As a religious community, our tendency is to seek God’s presence in human affairs. Though God does not appear as an “actor” in the Joseph story, we nevertheless see the hand of God: last week, for example, Joseph meets the mysterious “man” who directs him to his brothers in Dothan, allowing the narrative to advance. But in this week’s parasha, and throughout the Joseph story, Joseph’s repeated references and attributions to God (to Potiphar’s wife, to the baker and the butler, to Pharaoh, to his brothers) are evidence not of God, but of faith. Joseph was right to act; he understands, as a “man of God,” that he has a crucial role to play in the unfolding of his own story.

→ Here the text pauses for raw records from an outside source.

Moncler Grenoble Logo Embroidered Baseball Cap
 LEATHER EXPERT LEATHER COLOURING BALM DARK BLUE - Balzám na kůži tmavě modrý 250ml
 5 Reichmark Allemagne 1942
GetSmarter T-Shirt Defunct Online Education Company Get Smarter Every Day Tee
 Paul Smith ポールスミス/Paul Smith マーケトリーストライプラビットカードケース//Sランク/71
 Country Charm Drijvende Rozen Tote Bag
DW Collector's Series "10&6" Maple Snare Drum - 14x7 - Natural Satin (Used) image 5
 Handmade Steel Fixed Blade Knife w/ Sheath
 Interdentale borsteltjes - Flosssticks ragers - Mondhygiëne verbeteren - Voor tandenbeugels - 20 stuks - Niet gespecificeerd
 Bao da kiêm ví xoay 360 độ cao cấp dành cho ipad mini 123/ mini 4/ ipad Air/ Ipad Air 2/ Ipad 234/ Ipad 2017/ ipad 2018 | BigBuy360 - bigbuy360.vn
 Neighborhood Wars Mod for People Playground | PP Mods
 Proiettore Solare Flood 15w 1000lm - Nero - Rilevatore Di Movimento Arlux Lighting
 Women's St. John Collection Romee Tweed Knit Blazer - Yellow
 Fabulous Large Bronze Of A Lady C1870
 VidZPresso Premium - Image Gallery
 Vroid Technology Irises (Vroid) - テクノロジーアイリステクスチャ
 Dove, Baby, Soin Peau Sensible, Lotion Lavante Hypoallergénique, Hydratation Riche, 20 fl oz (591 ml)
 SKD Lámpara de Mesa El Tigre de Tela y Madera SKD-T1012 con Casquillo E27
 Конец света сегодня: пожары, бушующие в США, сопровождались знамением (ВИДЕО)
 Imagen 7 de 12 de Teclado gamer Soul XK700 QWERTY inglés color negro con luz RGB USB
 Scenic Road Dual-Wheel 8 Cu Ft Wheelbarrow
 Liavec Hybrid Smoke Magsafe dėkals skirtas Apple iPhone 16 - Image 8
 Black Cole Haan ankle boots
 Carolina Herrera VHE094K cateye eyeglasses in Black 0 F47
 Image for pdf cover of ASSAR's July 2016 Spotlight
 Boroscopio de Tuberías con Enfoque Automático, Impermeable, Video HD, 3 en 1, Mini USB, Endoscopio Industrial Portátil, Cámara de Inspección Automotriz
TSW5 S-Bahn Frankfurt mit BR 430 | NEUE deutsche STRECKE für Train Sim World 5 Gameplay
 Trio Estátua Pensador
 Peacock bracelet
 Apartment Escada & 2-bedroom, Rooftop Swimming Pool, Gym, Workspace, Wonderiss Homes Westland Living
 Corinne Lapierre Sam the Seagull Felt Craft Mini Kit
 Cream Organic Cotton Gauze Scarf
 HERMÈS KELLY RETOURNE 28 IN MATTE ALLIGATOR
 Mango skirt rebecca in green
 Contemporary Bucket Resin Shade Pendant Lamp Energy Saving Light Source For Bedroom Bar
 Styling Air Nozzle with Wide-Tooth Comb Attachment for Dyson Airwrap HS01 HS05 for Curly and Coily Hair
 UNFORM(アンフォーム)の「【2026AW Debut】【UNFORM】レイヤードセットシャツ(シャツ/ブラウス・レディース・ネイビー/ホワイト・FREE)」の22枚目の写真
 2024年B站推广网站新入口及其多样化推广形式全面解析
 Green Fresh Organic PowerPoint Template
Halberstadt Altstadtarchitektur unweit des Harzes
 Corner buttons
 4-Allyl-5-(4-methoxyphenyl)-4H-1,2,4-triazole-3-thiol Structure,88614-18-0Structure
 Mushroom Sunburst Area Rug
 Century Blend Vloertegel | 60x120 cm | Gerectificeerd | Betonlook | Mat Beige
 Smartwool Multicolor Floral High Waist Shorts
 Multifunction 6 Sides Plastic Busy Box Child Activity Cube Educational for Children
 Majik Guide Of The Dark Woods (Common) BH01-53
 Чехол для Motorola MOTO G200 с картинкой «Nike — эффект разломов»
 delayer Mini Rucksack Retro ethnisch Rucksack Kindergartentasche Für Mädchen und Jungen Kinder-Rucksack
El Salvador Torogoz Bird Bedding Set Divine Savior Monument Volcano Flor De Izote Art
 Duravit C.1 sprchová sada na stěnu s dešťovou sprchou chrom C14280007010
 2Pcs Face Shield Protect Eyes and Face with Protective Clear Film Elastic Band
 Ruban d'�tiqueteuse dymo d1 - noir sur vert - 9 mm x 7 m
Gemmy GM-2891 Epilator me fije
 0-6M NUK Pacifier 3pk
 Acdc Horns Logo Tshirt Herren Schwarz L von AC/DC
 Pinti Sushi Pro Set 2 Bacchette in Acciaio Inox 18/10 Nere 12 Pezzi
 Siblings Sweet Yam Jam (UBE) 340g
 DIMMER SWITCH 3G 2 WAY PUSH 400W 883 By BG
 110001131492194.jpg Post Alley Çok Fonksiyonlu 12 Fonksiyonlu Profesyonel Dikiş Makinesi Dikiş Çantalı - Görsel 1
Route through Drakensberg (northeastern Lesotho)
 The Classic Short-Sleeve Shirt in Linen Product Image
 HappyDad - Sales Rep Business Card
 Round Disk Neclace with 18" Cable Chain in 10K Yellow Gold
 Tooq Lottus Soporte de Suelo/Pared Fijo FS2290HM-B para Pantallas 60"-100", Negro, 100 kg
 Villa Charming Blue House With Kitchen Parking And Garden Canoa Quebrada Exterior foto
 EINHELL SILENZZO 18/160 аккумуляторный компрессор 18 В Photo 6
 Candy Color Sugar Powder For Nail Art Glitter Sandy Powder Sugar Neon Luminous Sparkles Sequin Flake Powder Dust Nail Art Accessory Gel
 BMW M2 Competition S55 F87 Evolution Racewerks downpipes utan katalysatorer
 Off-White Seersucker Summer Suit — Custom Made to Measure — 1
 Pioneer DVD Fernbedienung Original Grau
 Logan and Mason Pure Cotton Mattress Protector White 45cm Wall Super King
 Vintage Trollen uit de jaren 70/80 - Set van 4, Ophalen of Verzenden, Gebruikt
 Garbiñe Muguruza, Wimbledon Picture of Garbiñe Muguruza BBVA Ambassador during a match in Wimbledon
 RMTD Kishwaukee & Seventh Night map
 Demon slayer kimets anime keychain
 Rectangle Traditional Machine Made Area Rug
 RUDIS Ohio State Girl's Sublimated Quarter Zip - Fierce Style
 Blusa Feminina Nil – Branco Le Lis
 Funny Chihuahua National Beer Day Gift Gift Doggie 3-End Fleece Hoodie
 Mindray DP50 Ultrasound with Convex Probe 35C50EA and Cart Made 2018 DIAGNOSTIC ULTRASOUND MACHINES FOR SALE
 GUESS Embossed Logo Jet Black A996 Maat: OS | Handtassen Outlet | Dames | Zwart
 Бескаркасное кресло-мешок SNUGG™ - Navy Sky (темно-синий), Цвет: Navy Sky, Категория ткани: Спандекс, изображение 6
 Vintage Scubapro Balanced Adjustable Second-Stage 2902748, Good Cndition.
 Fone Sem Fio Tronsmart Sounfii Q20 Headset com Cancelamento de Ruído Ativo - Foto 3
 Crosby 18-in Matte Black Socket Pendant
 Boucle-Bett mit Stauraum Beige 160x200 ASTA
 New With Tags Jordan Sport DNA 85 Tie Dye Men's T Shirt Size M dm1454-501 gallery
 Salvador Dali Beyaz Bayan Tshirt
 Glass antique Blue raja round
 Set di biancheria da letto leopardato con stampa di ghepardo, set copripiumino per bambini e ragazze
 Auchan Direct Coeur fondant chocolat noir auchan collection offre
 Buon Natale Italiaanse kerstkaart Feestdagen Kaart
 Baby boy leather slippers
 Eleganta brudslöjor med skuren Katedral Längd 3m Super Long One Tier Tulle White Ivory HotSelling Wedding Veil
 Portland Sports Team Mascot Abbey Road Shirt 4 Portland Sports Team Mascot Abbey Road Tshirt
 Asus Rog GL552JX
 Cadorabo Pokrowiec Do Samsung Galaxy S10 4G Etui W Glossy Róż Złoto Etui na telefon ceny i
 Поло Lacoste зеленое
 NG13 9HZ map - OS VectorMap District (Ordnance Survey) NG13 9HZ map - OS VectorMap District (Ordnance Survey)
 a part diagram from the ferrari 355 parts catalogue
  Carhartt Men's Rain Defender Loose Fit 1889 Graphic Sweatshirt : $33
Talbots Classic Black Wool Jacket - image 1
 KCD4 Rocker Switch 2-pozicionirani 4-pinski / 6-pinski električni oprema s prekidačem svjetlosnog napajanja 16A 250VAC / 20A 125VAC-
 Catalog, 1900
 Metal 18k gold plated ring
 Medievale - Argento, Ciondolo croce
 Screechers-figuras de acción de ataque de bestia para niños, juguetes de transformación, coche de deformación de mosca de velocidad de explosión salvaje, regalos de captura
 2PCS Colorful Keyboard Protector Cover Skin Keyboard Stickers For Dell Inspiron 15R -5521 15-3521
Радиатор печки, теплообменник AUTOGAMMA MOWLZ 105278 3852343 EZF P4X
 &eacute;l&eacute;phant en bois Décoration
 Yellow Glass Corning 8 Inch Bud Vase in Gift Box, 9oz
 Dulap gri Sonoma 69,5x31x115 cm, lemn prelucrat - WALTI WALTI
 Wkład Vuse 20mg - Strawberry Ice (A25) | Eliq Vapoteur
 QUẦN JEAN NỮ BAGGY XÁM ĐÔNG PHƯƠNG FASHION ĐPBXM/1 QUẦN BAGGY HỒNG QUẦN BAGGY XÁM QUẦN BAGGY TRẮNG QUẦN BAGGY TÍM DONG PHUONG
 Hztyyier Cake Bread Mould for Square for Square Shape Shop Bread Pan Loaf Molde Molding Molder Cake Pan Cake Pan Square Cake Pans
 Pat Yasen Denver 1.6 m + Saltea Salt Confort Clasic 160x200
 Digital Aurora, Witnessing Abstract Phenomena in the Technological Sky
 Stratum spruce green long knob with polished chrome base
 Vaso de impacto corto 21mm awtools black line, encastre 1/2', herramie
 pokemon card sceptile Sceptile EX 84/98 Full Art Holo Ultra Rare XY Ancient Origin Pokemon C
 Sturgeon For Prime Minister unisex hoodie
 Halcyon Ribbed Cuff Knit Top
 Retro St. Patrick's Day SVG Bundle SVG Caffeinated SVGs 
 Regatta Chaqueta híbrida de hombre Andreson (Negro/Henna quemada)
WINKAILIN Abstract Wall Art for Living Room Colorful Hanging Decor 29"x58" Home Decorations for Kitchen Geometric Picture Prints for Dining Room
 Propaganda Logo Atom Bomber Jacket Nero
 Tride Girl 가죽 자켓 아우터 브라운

Perhaps he learned this lesson from his father’s experience. If you recall from a couple of weeks ago, as Jacob returns from Haran and learns that his brother Esau is advancing with a small army, he prays to God to deliver him “from the hand of my brother.” I am unworthy of all the kindness that You have so steadfastly shown Your servant,” he says. “With my staff alone I crossed this Jordan, and now I have become two camps. The staff, I argue, is the staff of faith – when he left home, he had nothing but his belief that God would help him. The “two camps” are what he made of himself – he is, in that regard, a “self-made man.” There, again, is the dance between the human and the divine, between faith and action.
Joseph becomes a master of this partnership. Interpreting Pharaoh’s doubled dream of cows and ears of grain, he says: “As for Pharaoh having had the same dream twice, it means that the matter has been determined by God, and that God will soon carry it out. Accordingly, let Pharaoh find a man of discernment and wisdom, and set him over the land of Egypt.” This is God’s plan, he says. Now let humans (actually, me!) carry it out.
For many of us (not all, I acknowledge without judgement), faith is the oil that keeps the engine of human endeavor lubricated and running. I thank God for the scientists and researchers and doctors who performed an act of true heroism over the last year in developing the vaccines. I have faith that the government will be able to muster the human resources needed to distribute it successfully over the next many months.
Better times ahead! Praise God!
And with that, I wish you all a Shabbat shalom um’vorach – a peaceful, blessed, and hope-filled Shabbat, and a happy end-of-Chanukah. Let the lights shine bright tonight!